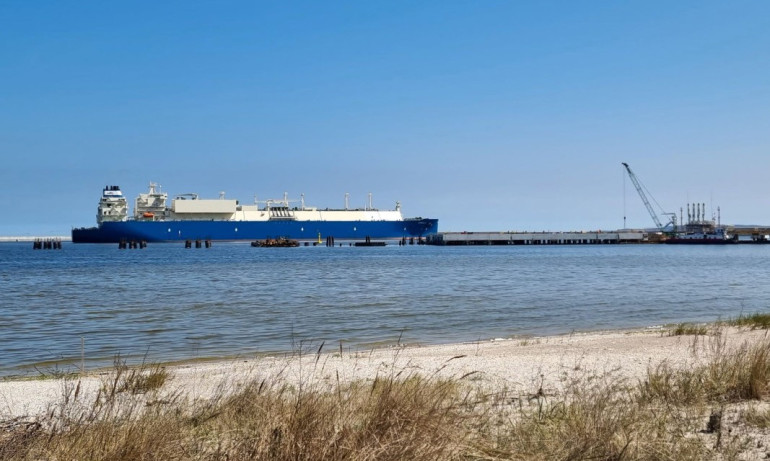 Газът от САЩ се оказа по-скъп от руския, няма компенсации за бизнеса - Tribune.bg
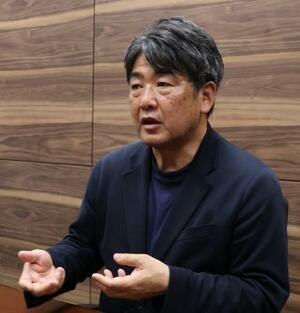 取材に応じるノンフィクションライターの安田浩一さん＝３月３１日、大阪市中央区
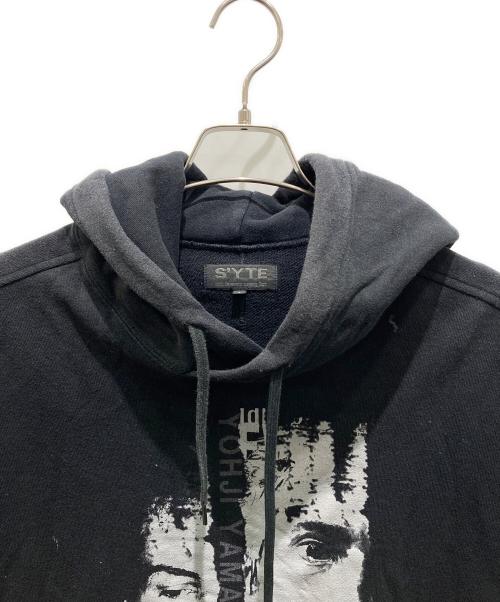s'yte（サイト）s'yte (サイト) marquee club (マーキークラブ) マーキークラブ フォト プリント プルオーバー パーカー　UB-T42-019 ブラック サイズ:4の古着・服飾アイテム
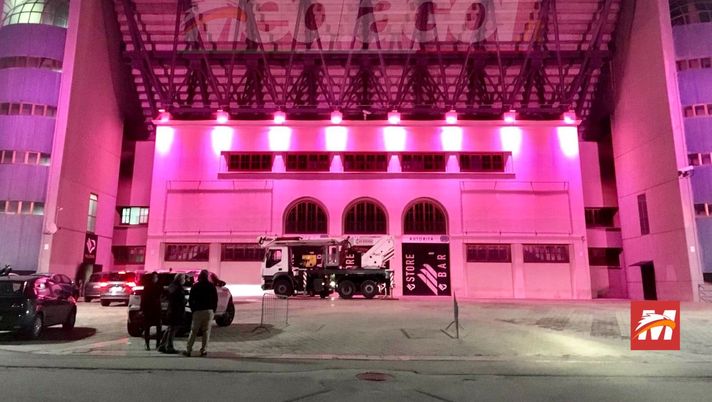 Foto Palermo, trionfo di luci al “Renzo Barbera”: lo stadio si colora di rosanero  Foto Palermo, trionfo di luci al “Renzo Barbera”: lo stadio si colora di rosanero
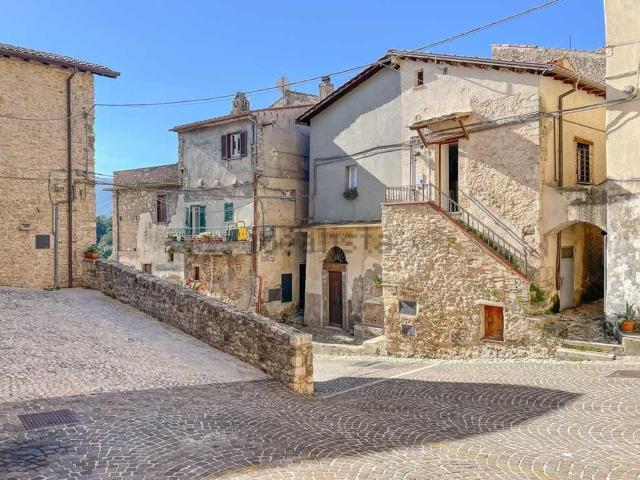 Appartamento in vendita a Scandriglia, Lazio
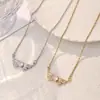 Collar con Colgante de Zirconia Ángel Corazón para Mujer, Colgante de Lujo Ligero de Gama Alta, Cadena para Clavícula, Cadena para Suéter, Cadena para el Cuello de Acero de Titanio de Nicho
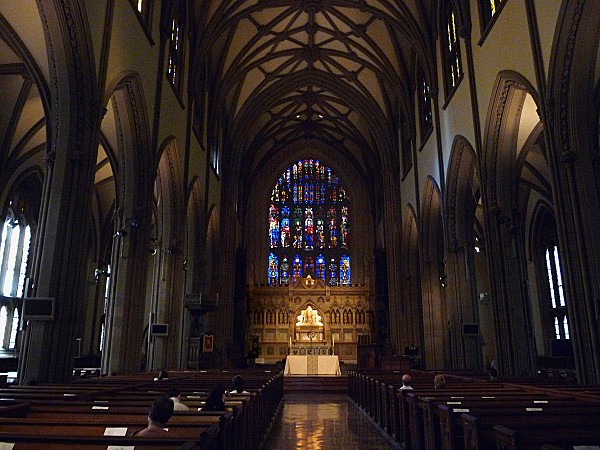 New-York-Interieur-Trinity-Church.jpg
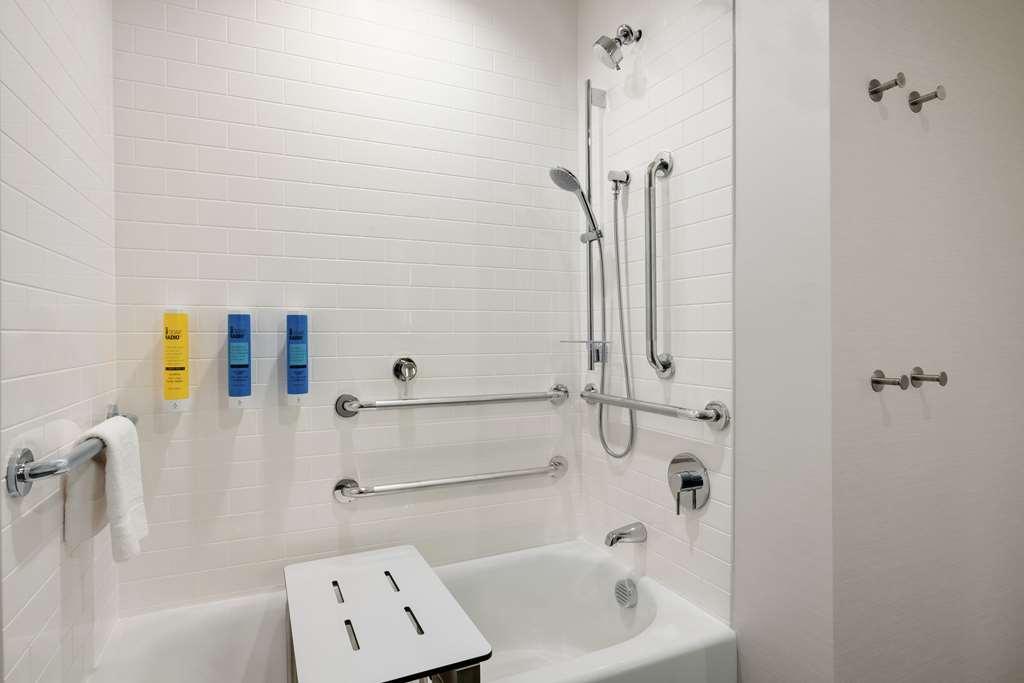 Tru By Hilton Charlotte Tyvola I-77 Hotel Стая снимка
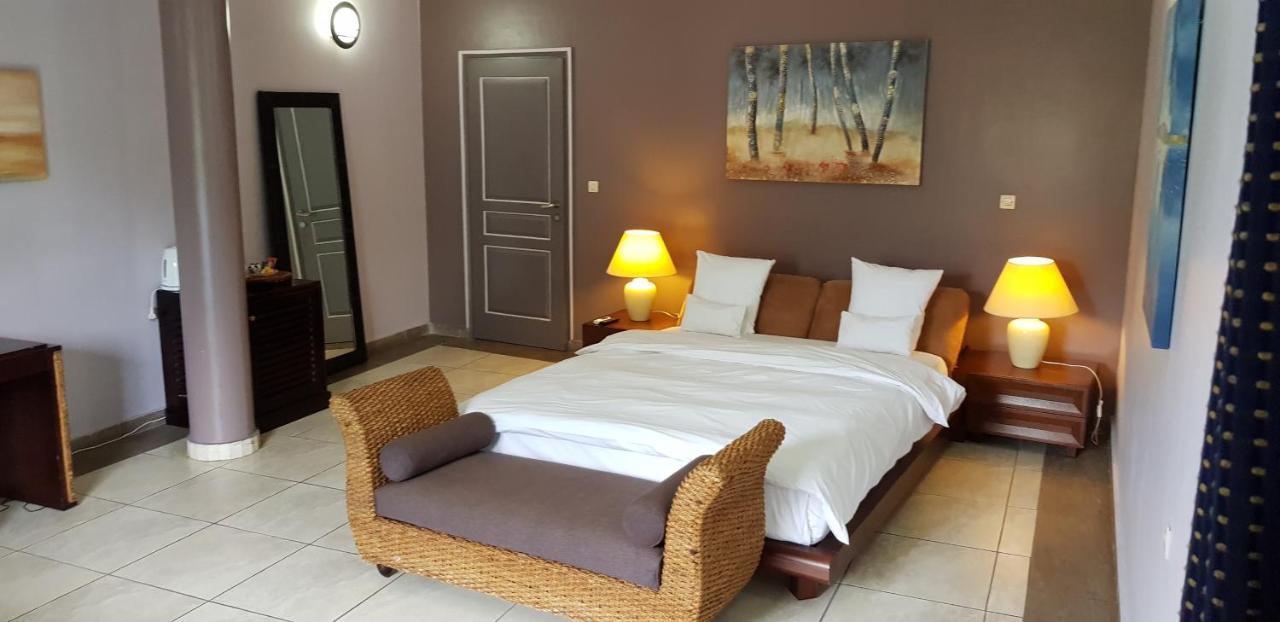 Residence Hoteliere Du Phare Libreville Eksteriør billede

------------------------

*Assignment*:
Please output the lines of the records above from the one with "Appartamento in vendita a Scandriglia, Lazio" through the last, exactly as they appear and with both ends included; skip any pictures and add nothing.

*Expected output*:
 Appartamento in vendita a Scandriglia, Lazio
 Collar con Colgante de Zirconia Ángel Corazón para Mujer, Colgante de Lujo Ligero de Gama Alta, Cadena para Clavícula, Cadena para Suéter, Cadena para el Cuello de Acero de Titanio de Nicho
 New-York-Interieur-Trinity-Church.jpg
 Tru By Hilton Charlotte Tyvola I-77 Hotel Стая снимка
 Residence Hoteliere Du Phare Libreville Eksteriør billede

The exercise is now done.